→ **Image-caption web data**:
Content starts
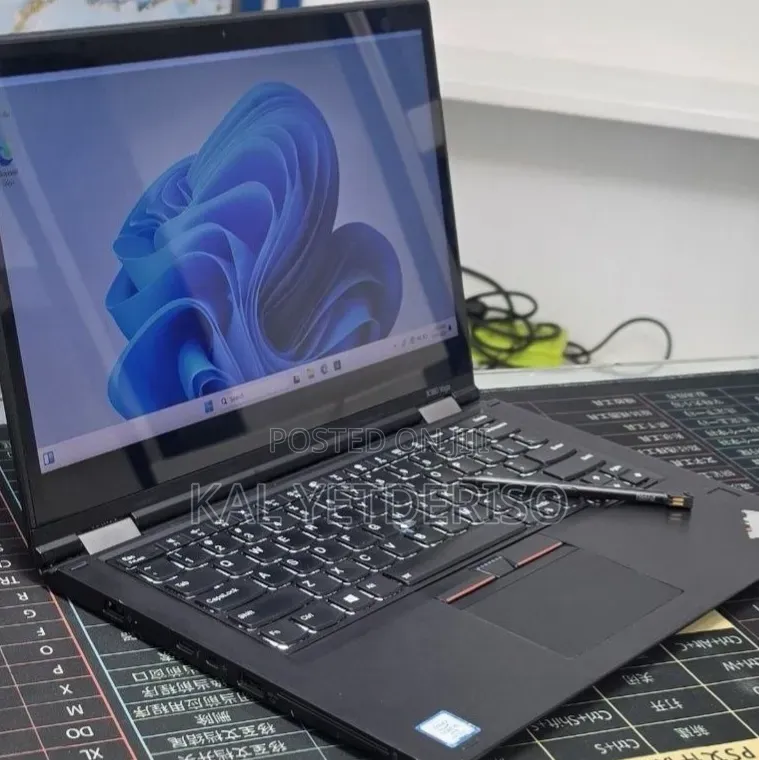 New Laptop Lenovo ThinkPad X380 Yoga 16GB Intel Core i7 SSD 256GB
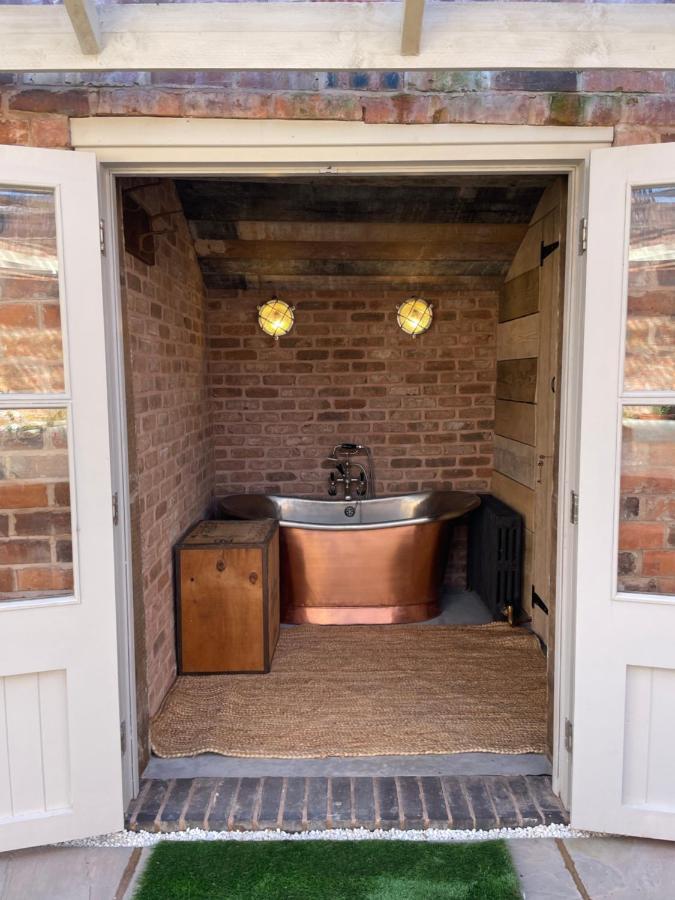 The Walled Garden At Cheshire Boutique Bathhouse Nantwich Buitenkant foto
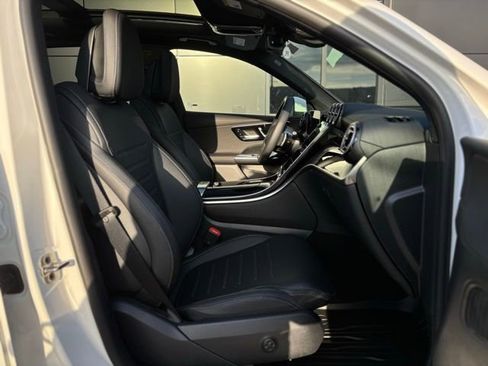 Used 2025 Mercedes-Benz GLC 300 4MATIC image 45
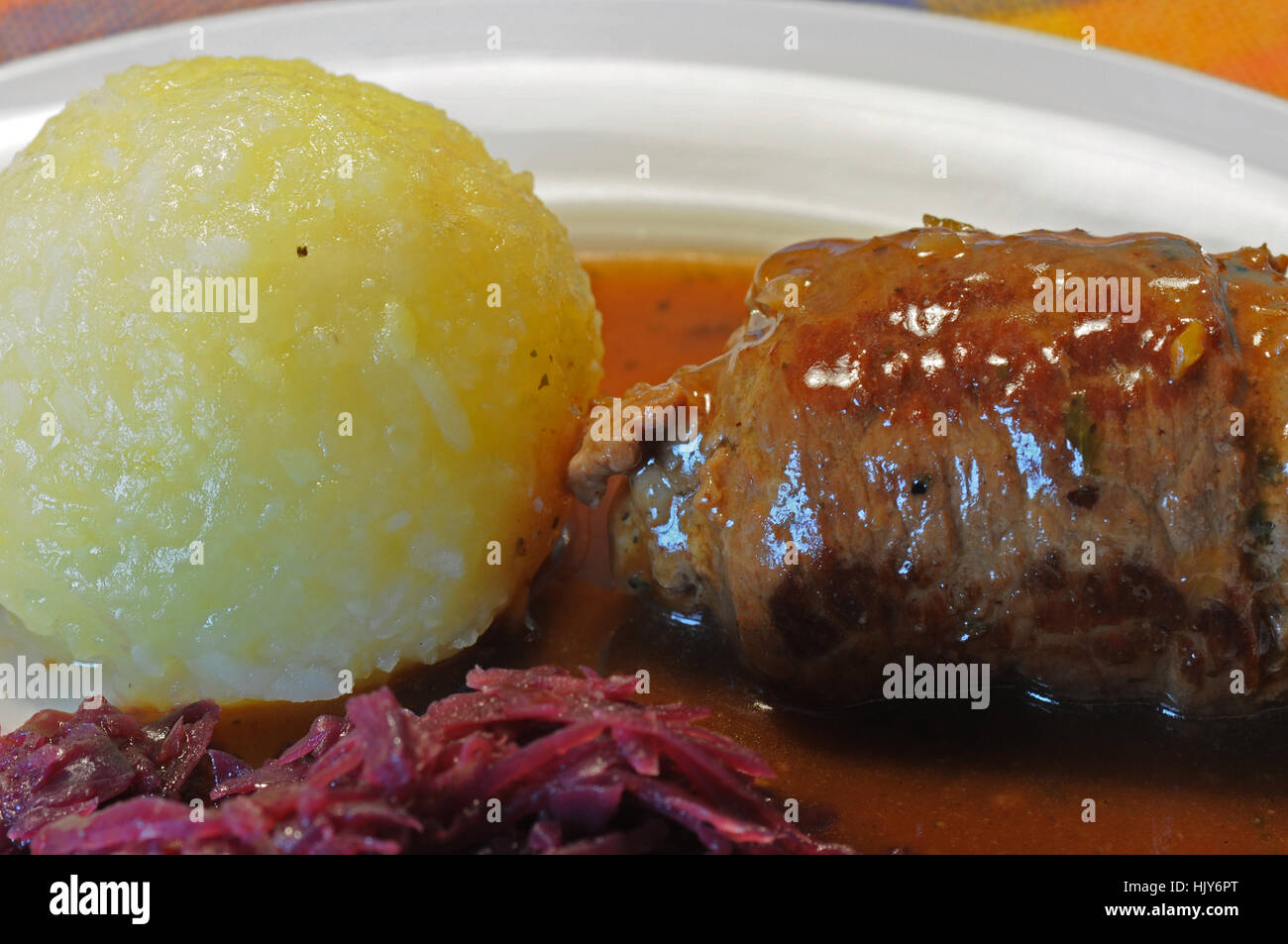 Beef Lump sauce, red cabbage, lump, beef, plate, sauce, red cabbage, lump, beef ...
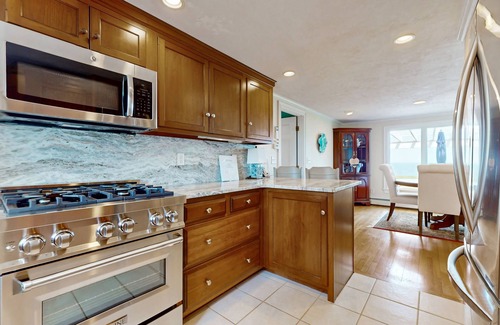 Plymouth Casa | Oceanfront charmer with deck, pergola, grill, full kitchen, telescope, & W/D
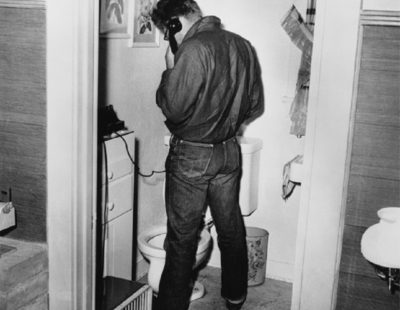 Künstler Frank Worth - FW0320-James-Dean-in-Restroom-1954 - Galerie Hegemann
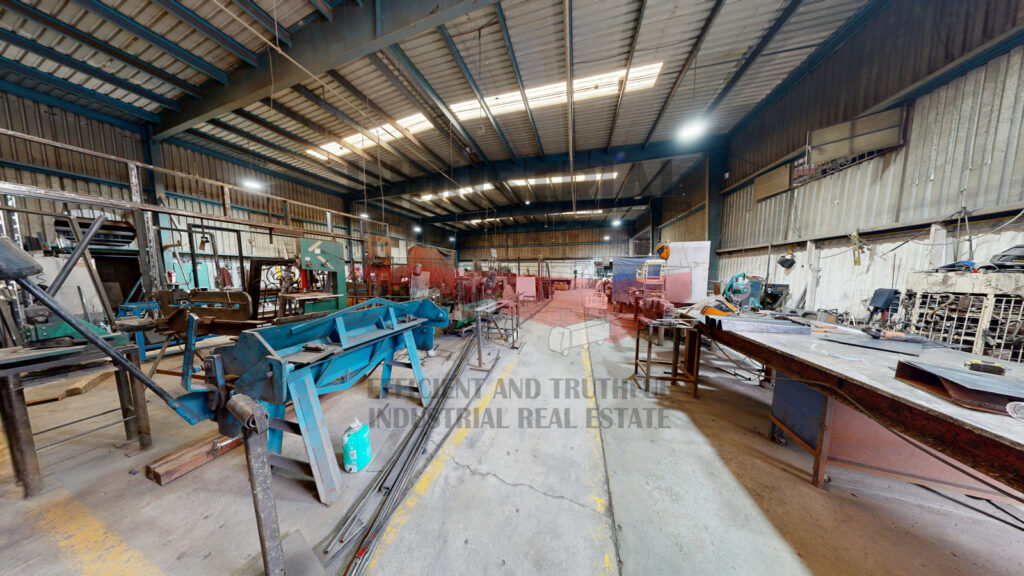 Spacious interior of 1468 square meter warehouse for sale in Tijuana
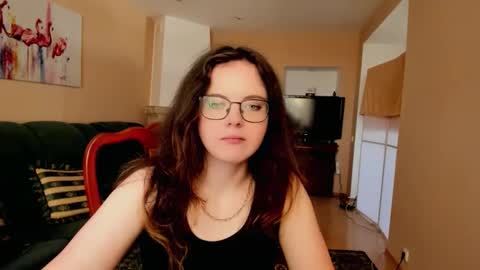 Snapshot of naomi_di chatting on June 5, 6:20 am naomi_di online show from June 5, 6:20 am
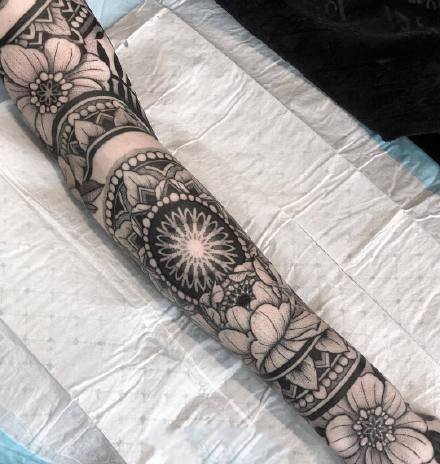 点击大图看下一张：一组超帅气的欧美黑灰手臂纹身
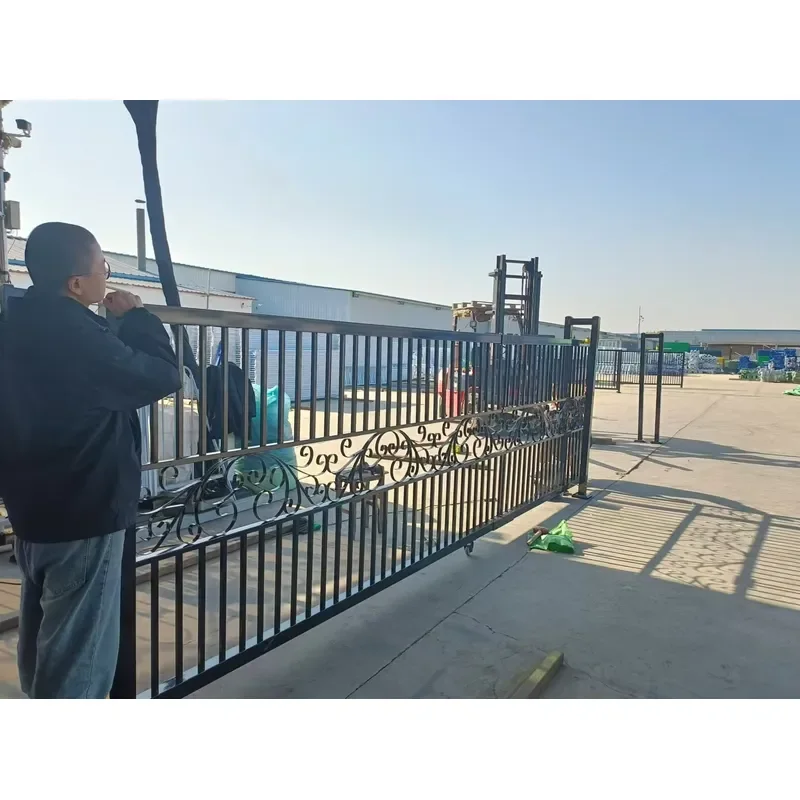 Outdoor Electric Sliding Gate Elegant Fencing Trellis & Gates Product Picket WPC PVC with Motor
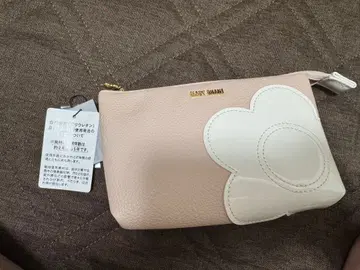 MARY QUANT 새상품 슈링크 데이지 패치 3 포켓 파우치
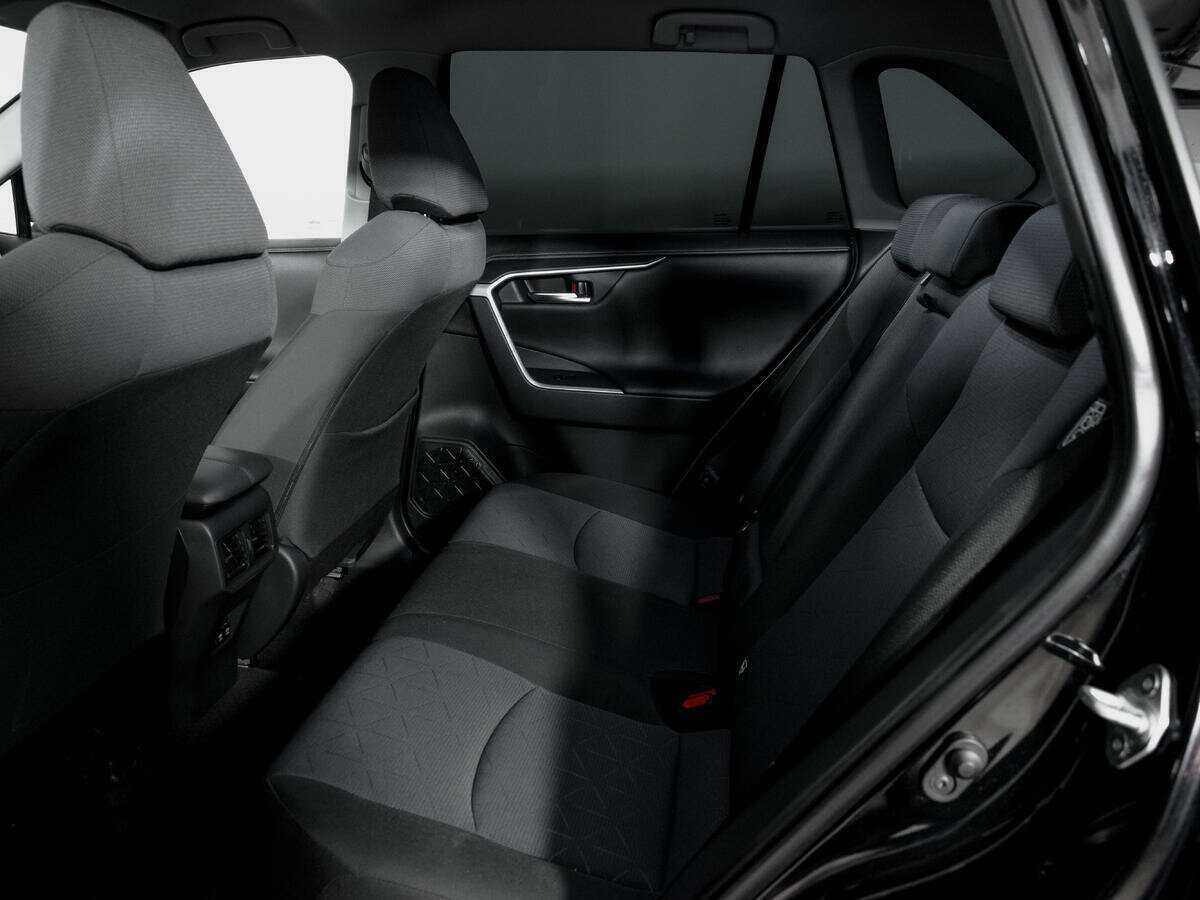 Toyota RAV4 2020 года с пробегом. Фото: #9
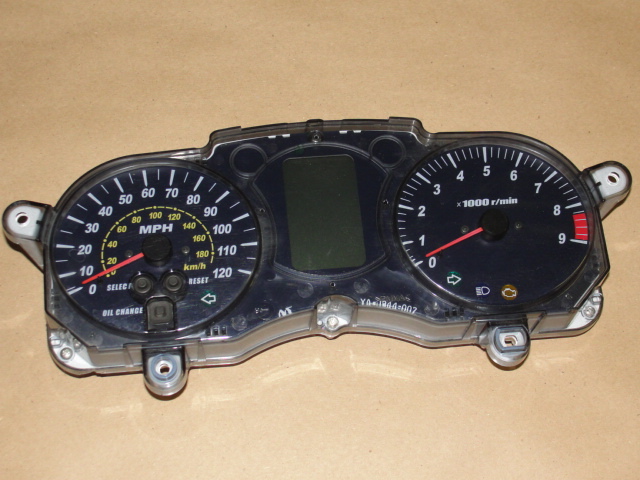 2009 YAMAHA YP 400 MAJESTY GAUGE CLUSTER METER SPEEDOMETER TACHOMETERYP400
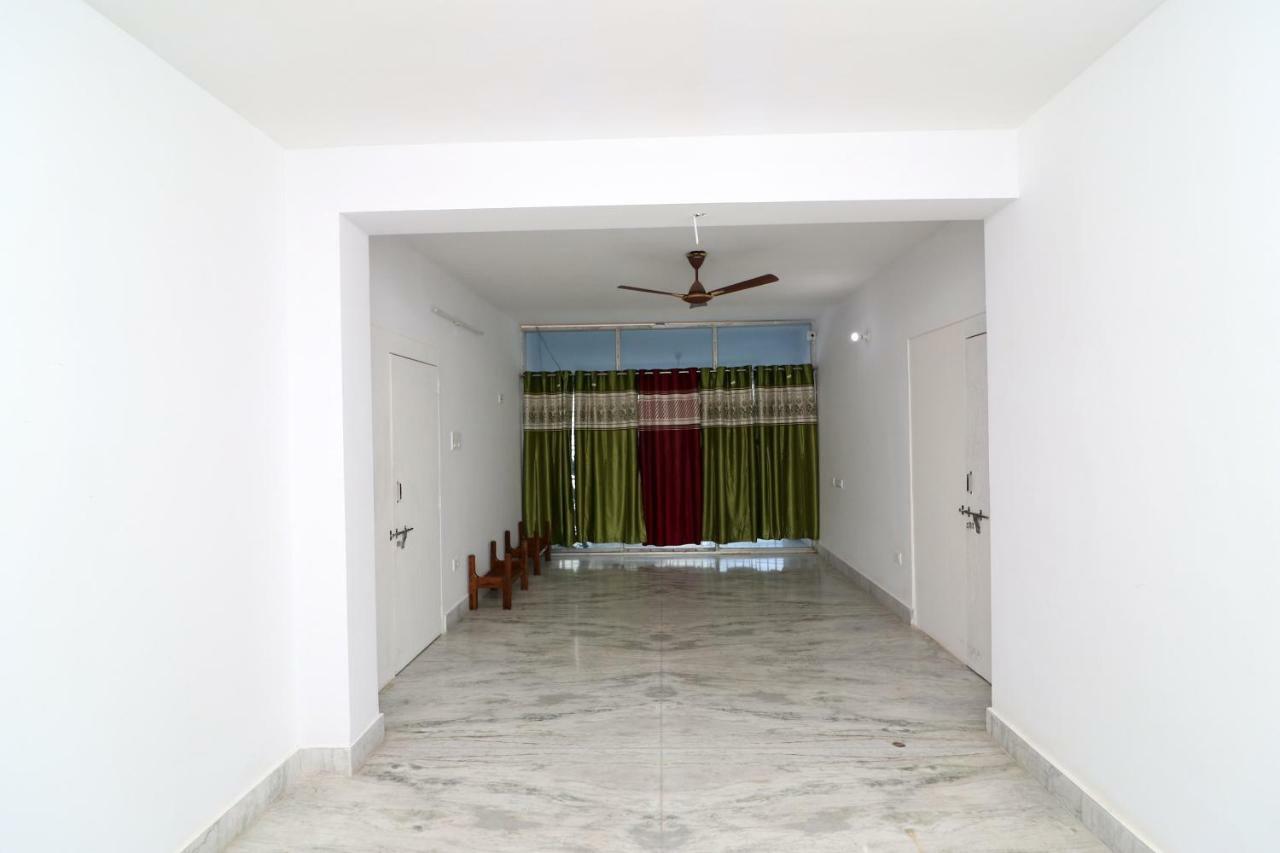 כלכותה Oyo 30269 Amar Raj Inn מראה חיצוני תמונה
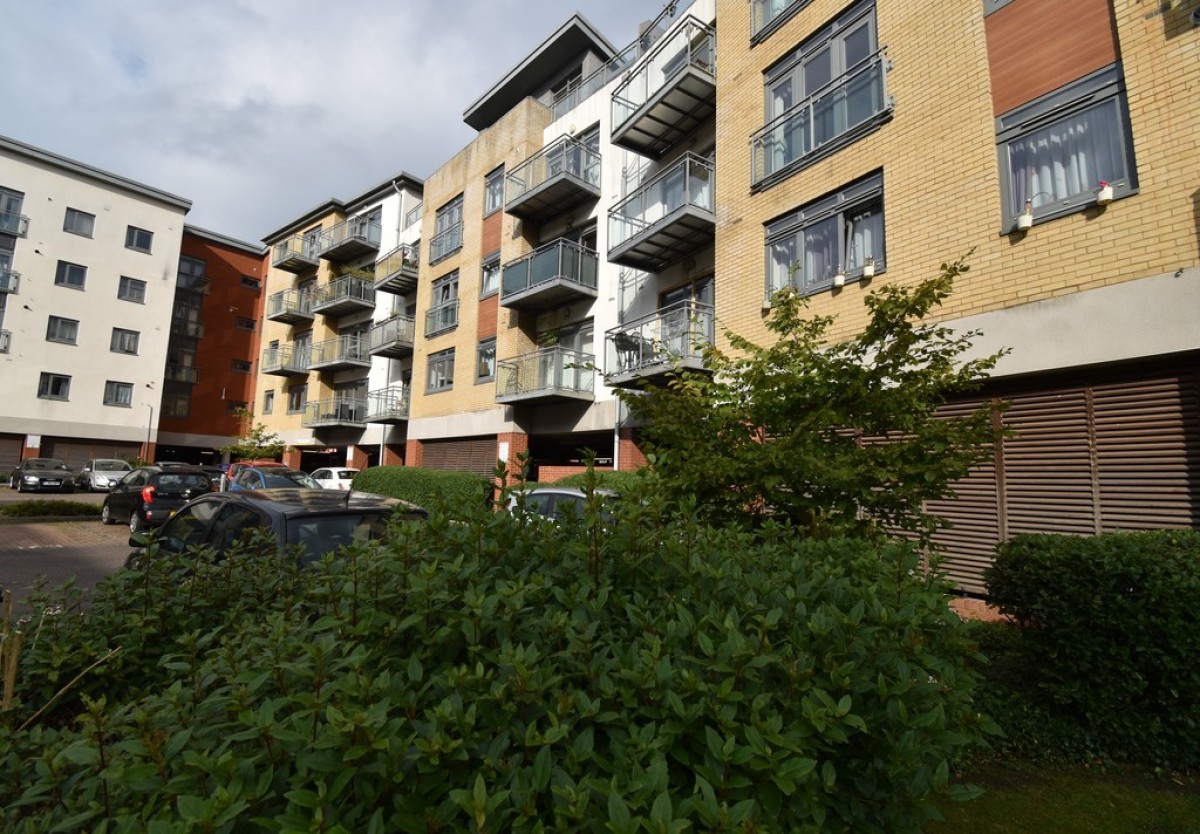 Wallis Place, Maidstone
Content ends
→ **WHAT YOU ARE ASKED TO DO**: Set down every record exactly as written, but drop the pictures.

→ **RESPONSE TO THE TASK**:
 New Laptop Lenovo ThinkPad X380 Yoga 16GB Intel Core i7 SSD 256GB
 The Walled Garden At Cheshire Boutique Bathhouse Nantwich Buitenkant foto
 Used 2025 Mercedes-Benz GLC 300 4MATIC image 45
 Beef Lump sauce, red cabbage, lump, beef, plate, sauce, red cabbage, lump, beef ...
 Plymouth Casa | Oceanfront charmer with deck, pergola, grill, full kitchen, telescope, & W/D
 Künstler Frank Worth - FW0320-James-Dean-in-Restroom-1954 - Galerie Hegemann
 Spacious interior of 1468 square meter warehouse for sale in Tijuana
 Snapshot of naomi_di chatting on June 5, 6:20 am naomi_di online show from June 5, 6:20 am
 点击大图看下一张：一组超帅气的欧美黑灰手臂纹身
 Outdoor Electric Sliding Gate Elegant Fencing Trellis & Gates Product Picket WPC PVC with Motor
 MARY QUANT 새상품 슈링크 데이지 패치 3 포켓 파우치
 Toyota RAV4 2020 года с пробегом. Фото: #9
 2009 YAMAHA YP 400 MAJESTY GAUGE CLUSTER METER SPEEDOMETER TACHOMETERYP400
 כלכותה Oyo 30269 Amar Raj Inn מראה חיצוני תמונה
 Wallis Place, Maidstone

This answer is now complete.